THE PROBLEM:
Starting at the line below that contains "Памучен хавлиен халат за баня в цвят аква Памучен" and ending at the line that contains "Camiseta Cavaleiro Negro", retype each line exactly as it stands, but omit the pictures.

RECORDS FOR THIS EXERCISE:

# # # #

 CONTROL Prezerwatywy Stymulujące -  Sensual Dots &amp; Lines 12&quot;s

# # # #

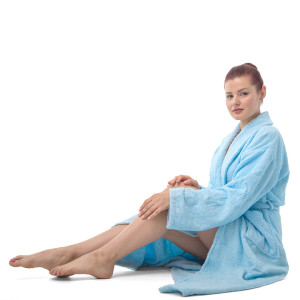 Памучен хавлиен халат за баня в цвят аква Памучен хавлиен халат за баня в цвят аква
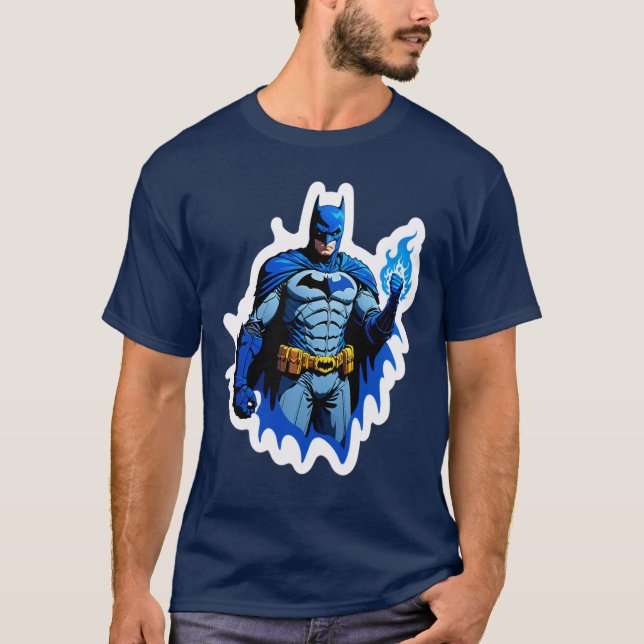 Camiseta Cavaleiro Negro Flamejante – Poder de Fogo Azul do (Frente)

# # # #

REPLY TO THE TASK:
 Памучен хавлиен халат за баня в цвят аква Памучен хавлиен халат за баня в цвят аква
 Camiseta Cavaleiro Negro Flamejante – Poder de Fogo Azul do (Frente)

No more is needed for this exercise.